Regulatory Flexibility Act

We certify that this document will not have a significant economic effect on a substantial number of small entities under the Regulatory Flexibility Act (5 U.S.C. 601 et seq.).

Congress created the National Wildlife Refuge System to conserve fish, wildlife, and plants and their habitats and facilitated this conservation mission by providing Americans opportunities to visit and participate in compatible wildlife-dependent recreation (hunting, fishing, wildlife observation and photography, and environmental education and interpretation) as priority general public uses on national wildlife refuges and to better appreciate the value of, and need for, wildlife conservation.

This document is administrative and procedural in nature and provides for a hierarchy of activities on refuges: wildlife conservation, wildlife-dependent recreation and other uses. Since uses of a national wildlife refuge are determined with the establishment of the refuge, which includes public hearings, this policy will not affect public uses of refuges, and consequently, not affect any business establishments in the vicinity of any refuge.

National wildlife refuge visitation is a small component of the wildlife recreation industry as a whole. In 1996, 77 million U.S. residents over 15 years old spent 1.2 billion activity-days in wildlife-associated recreation activities. They spent about $30 billion on fishing, hunting, and wildlife watching trips (Tables 49, 54, 59, 63, 1996 National Start Printed Page 3670Survey of Fishing, Hunting, and Wildlife-Associated Recreation, DOI/FWS/FA, 1997). National wildlife refuges recorded about 29 million visitor-days that year (RMIS, FY1996 Public Use Summary). A study of 1995 national wildlife refuge visitors found their travel spending generated $401 million in sales and 10,000 jobs for local economies (Banking on Nature: The Economic Benefits to Local Communities of National Wildlife Refuge Visitation, DOI/FWS/Refuges, 1997). These spending figures include spending which would have occurred in the community anyway, and so they show the importance of the activity in the local economy rather than its incremental impact. Marginally greater recreational opportunities on national wildlife refuges will have little industry-wide effect.

There are no expected changes in expenditures as a result of this document. We expect there will not be a change in recreational opportunities so we do not expect the document to have a significant economic effect on a substantial number of small entities in any region or nationally.

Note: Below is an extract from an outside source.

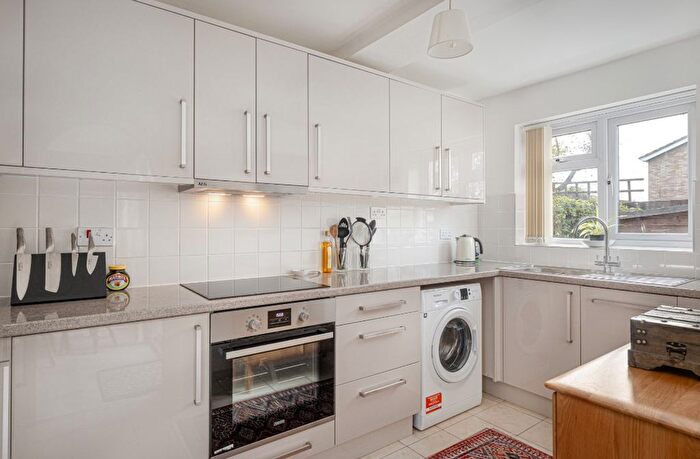 2 Bedroom Maisonette To Rent In Chaucer Way, Hoddesdon, EN11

Small Business Regulatory Enforcement Fairness Act

This document is not a major rule under 5 U.S.C. 804(2), the Small Business Regulatory Enforcement Fairness Act. This document:

a. Does not have an annual effect on the economy of $100 million or more. These regulations will affect only visitors at national wildlife refuges. They may result in increased visitation at refuges and provide for minor changes to the methods of public use permitted within the National Wildlife Refuge System. Refer to response under Regulatory Flexibility Act.

b. Will not cause a major increase in costs or prices for consumers, individual industries, Federal, State, or local government agencies, or geographic regions. See response above.

c. Does not have significant adverse effects on competition, employment, investment, productivity, innovation, or the ability of U.S.-based enterprises to compete with foreign-based enterprises. See response above.

Unfunded Mandates Reform Act

In accordance with the Unfunded Mandates Reform Act (2 U.S.C. 1501, et seq.):

a. This document will not “significantly or uniquely” affect small governments. A Small Government Agency Plan is not required. See response to Regulatory Flexibility Act.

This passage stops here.